Cela faisait longtemps qu'un livre ne m'avait pas tant bouleversée. L'auteur fait ressortir toute la douleur de l'histoire vécue par Marion grâce à un style magnifique. Entre sa filiation avec un Allemand et une mère souffrante de troubles maniaco-dépressifs, Marion part dans la vie avec un double-poids. Pourtant, grâce à cette mère, certes malade, mais aussi fascinante, elle va pendant longtemps vivre cette situation avec naturel. Sa maman est différente ? Et alors ! Son père est Allemand ? C'est exotique et en plus il est mort, ce qui rend son souvenir encore plus mythique.
J'ai parfois pensé à Renate Dorrestein, tant les événements que vivent Marion sont impitoyables. Elle est prisonnière de la folie de sa mère dont la "différence" la fascinait pourtant quand elle était enfant. Elle apprendra, au fil des événéments, combien l'amour ne peut pas toujours tout, notamment sauver sa mère de la maladie. Mais sa façon de lutter pour préserver sa mère, ses déchirements entre l'amour qu'elle lui voue et la nécessité de la trahir pour qu'elle soit soignée vous prennent à la gorge !
Au-delà de cette relation mère-fille particulière, j'ai particulièrement aimé le thème des racines et du secret, de la façon de vivre un état de fait qu'on ne peut changer, comme d'être née de père Allemand à la fin de la seconde guerre mondiale. Marion devra faire preuve de patience pour reconstituer les faits. Mais quelle est la part de vérité dans ce qu'elle entend ? En décodant l'histoire de sa mère, elle apprendra aussi à se construire.
Ce livre est vraiment poignant, d'une beauté absolue et cruelle et je l'ai lu d'une traite, aspirée dans la tourmente de Marion et de sa mère. Un vrai choc littéraire !
Je vais désormais retourner ciel et terre pour me procurer le premier roman de l'auteur...
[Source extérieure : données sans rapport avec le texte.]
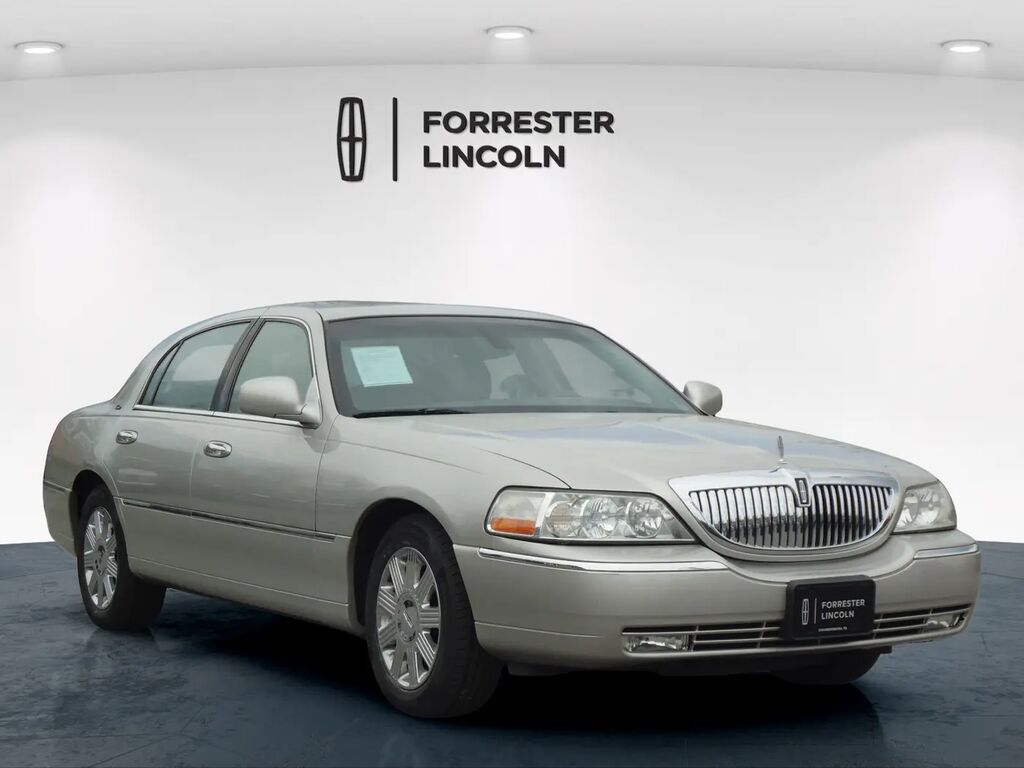 2003 Lincoln Town Car Cartier — photo 1 of 13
nb : ne pas croire que ce livre est "glauque", il est au contraire sublime. Dur, mais magnifique !
Arléa / 242 pages
L'avis de mon libraire
L'avis de Clarabel
Quelques extraits :
"La machine [les électrochocs] chassent, disent [les médecins], les mauvais souvenirs. Seulement, disait Fanny, elle chasse aussi les bons. Et quand tout revient - car tout finit par revenir -, tout est mélangé, dénaturé : les bons ne sont plus si bons, les mauvais plus si mauvais. Si bien qu'on n'est plus jamais tout à fait comme avant. On est perdu, et ça fait mal. Un autre genre de mal."
"Tu regardes le ciel, les nuages qui glissent doucement au-dessus de l'église Saint-Paul, tandis que le soir descend. Tu aimes la mélancolie des sept coups de sept heures qui sonnent lentement. Tu aimes l'attente. Tu aimes l'idée que l'hiver va commencer, avec la magie des lumières du soir, de la neige, de la nuit. Tu penses à tant de choses à vivre. Tu es heureuse sans savoir pourquoi."
"Bien sûr qu'il va arriver quelque chose. Tu le sais et elle le sait. Et elle sait que tu le sais. Elle se donne un mal fou pour te cacher qu'elle va mal, que la chose grandit en elle, comme une bête qui serait là, tapie, silencieuse, aux aguets. Car, même si elle se fait pour le moment toute petite, elle est bien là, la folie, cette folie-là : c'est elle qui regarde parfois à travers les yeux de Fanny, elle qui laisse échapper une note discordante dans sa voix."
"... tu t'es mise à dénouer, à te séparer des choses, une à une : à défaire, supprimer, détruire un par un les liens qui t'attachaient encore à cet endroit, à ce temps, à elle. Tu as porté la main sur les objets aimés, familiers. Tu as déchiré, cassé, jeté. Avec volupté.
Les vêtements que ta mère t'avait choisis, achetés, tu en as fait un paquet à donner. Paquet honni, que tu as enfermé dans un journal avec le sentiment d'y fourrer, d'y enterrer la haine et l'amour de cette enfance folle. Ficelé, étranglé, le paquet."